C. parapsilosis was identified in two premature infants and four NICU samples whereas C. albicans was identified in six premature infants but not identified in NICU samples. This is interesting because previous studies have linked neonatal C. albicans acquisition to vertical maternal transmission, but were unable to identify the source of C. parapsilosis (Waggoner-Fountain et al., 1996). Although different strains of C. parapsilosis were found in the NICU and in infants, the species-level detection points to the NICU as a possible reservoir for C. parapsilosis strains that colonize infants.
All fungal species detected in the infant and NICU environments have been previously implicated as pathogens of immunocompromised individuals (Table 2). Some species, like Candida albicans, are almost exclusively found in warm-blooded animals and are thus adapted to growth in humans. Other species, like P. lilacinum, are usually associated with soil and decaying plant matter. However, previous studies have shown that strains that colonize humans are similar to environmental strains (Luangsa-ard et al., 2011). Thus, the presence of these strains in the NICU environment could pose risks to these immunocompromised premature infants.
Premature infants are colonized by eukaryotes early in life
We compared our findings related to premature infant colonization by fungi to three previous studies of fungal colonization of premature infants, one of which used culturing-based detection (Baley et al., 1986), one denaturing gradient gel electrophoresis (DGGE) (Stewart et al., 2013) and the third high-throughput ITS sequencing (LaTuga et al., 2011). The infant colonization rates of these studies were 26%, 50%, and 63%, respectively, thus highly variable and substantially higher than the colonization rate noted here (8%). Compared to shotgun sequencing, DGGE and ITS methods should be more sensitive due to the use of PCR. However, the ability to amplify very rare sequences from organisms present at exceedingly low abundance levels complicates interpretation of the measured colonization frequencies. Counter to this, the shotgun sequencing-based methods provide a more balanced view of community composition (because the methods do not rely on PCR). However, sequencing allocations used in this study (median 3.5 giga-base pairs / sample) typically enable detection only of more abundant populations (e.g., 0.35 % of the community DNA; Supplemental Table S1). It is not known whether the seemingly highly restricted period of colonization by eukaryotes is due to low sensitivity of the shotgun sequencing method.

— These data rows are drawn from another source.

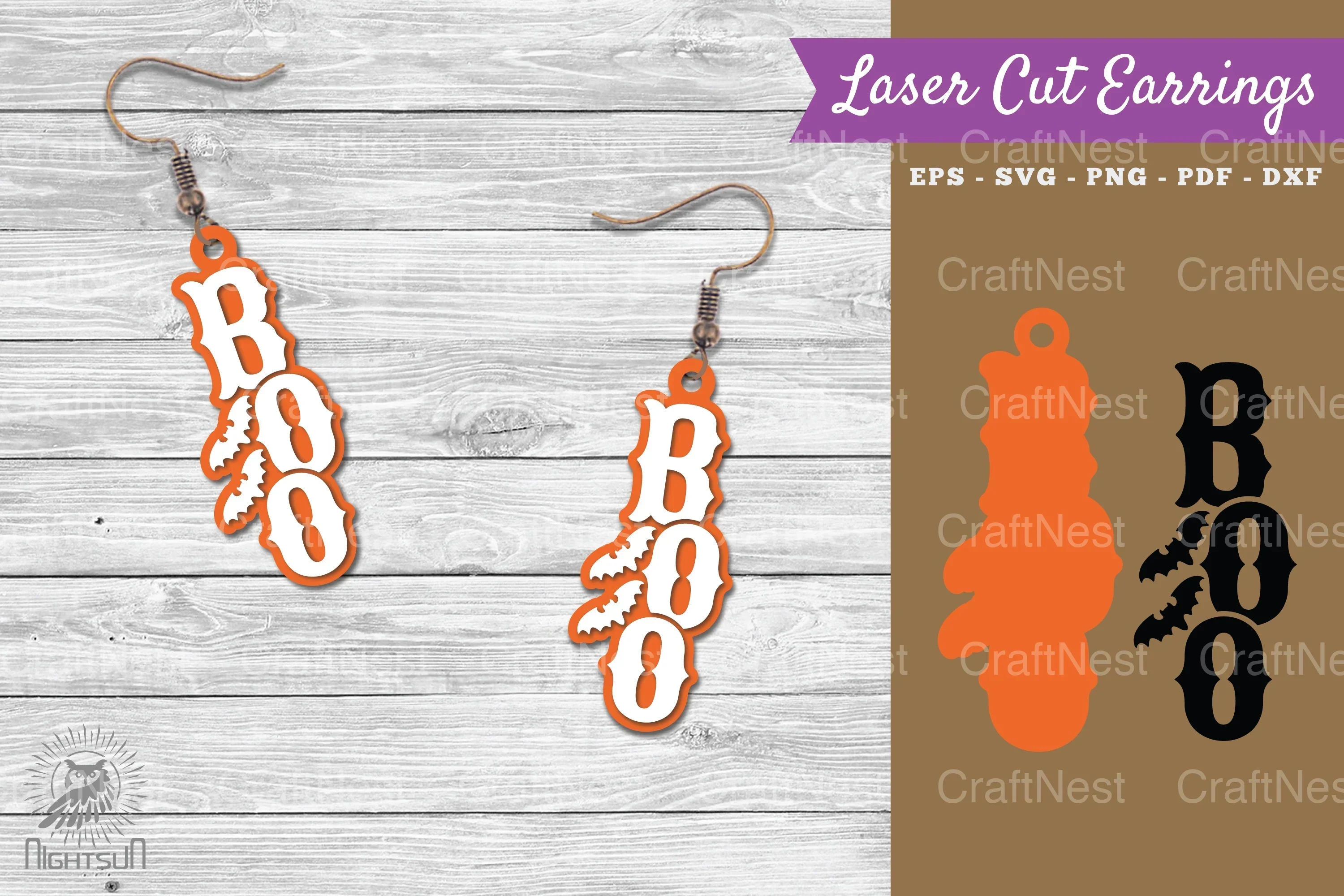 Boo Laser Cut Earrings SVG Bundle
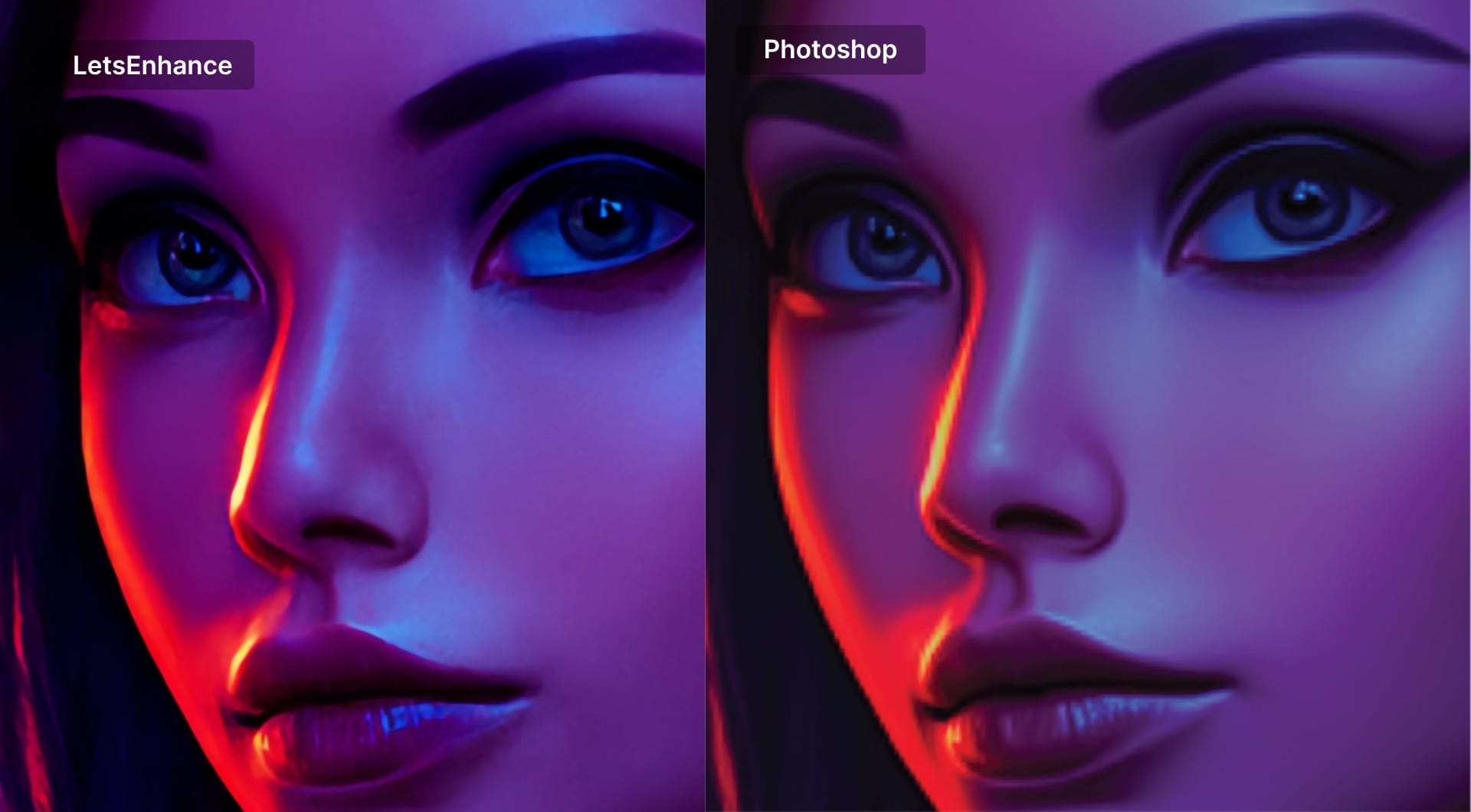 Close-up AI art comparison LetsEnhance versus Photoshop detail quality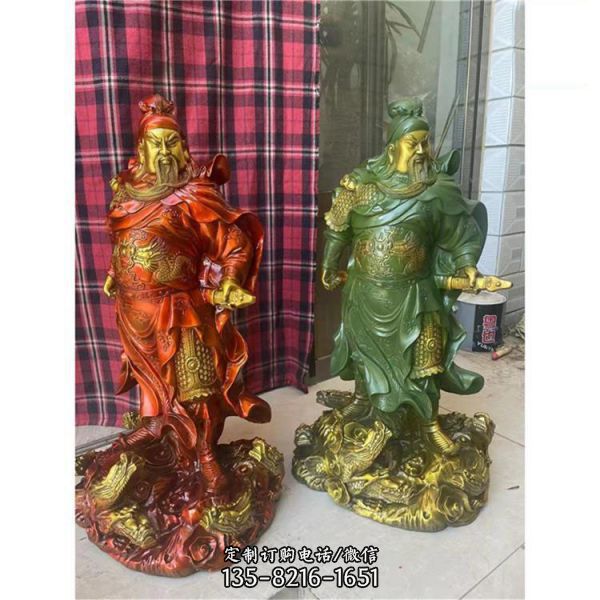 寺廟玻璃鋼彩繪漆金立式關(guān)公雕塑（4）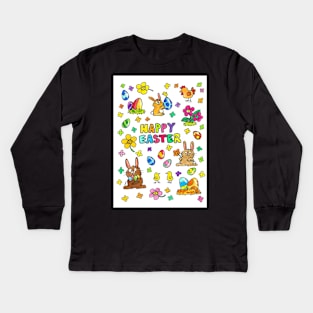 Cute Happy Easter card Kids Long Sleeve T-Shirt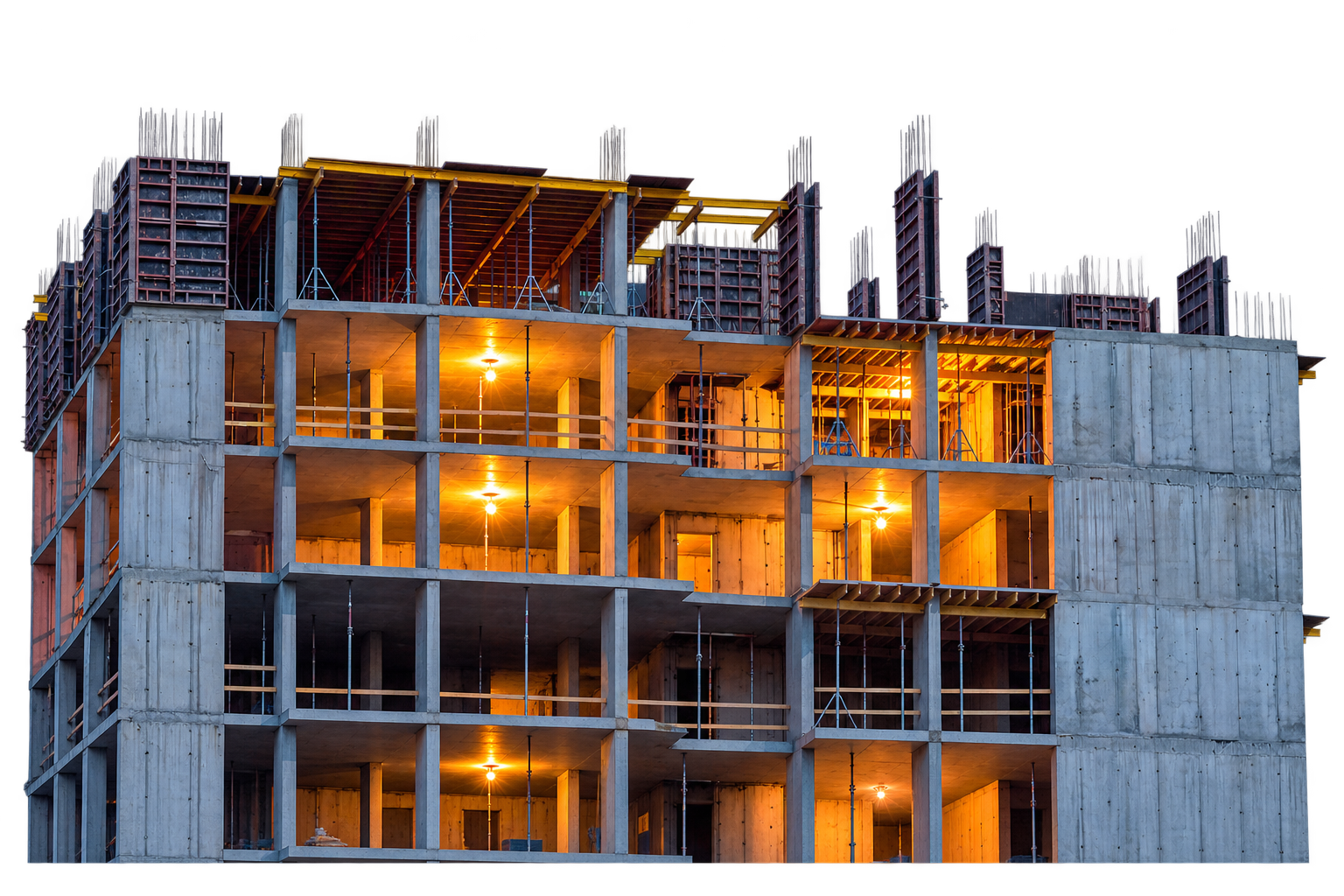 Building under construction with lights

However, it is also possible that this is a general phenomenon, as most other studies have not analyzed finely resolved time-series data as used in this study.
All infants profiled in this study received 2-7 days of prophylactic antibiotics upon birth, meaning antibiotic use is highly correlated with earlier days of life (Supplemental Table S3). While both antibiotic administration and DOL were significantly correlated with eukaryote abundance, infants who received antibiotics later in life were not colonized by eukaryotes, suggesting that day of life is the more important factor. Proteobacteria were also significantly anti-correlated with eukaryote abundance. This is interesting because Proteobacteria are usually enriched in early life samples and in infants who have received antibiotics (Hu et al., 2016; Rodriguez et al., 2015). Many important pathogens of infants are Proteobacteria, including Escherichia coli, Klebsiella pneumoniae, and Pseudomonas aeruginosa (McGuire et al., 2004). Future studies are needed to determine if there are important associations of other bacteria with fungi, and if microbial eukaryotes inhibit growth of these pathogens in preterm infants or vice versa.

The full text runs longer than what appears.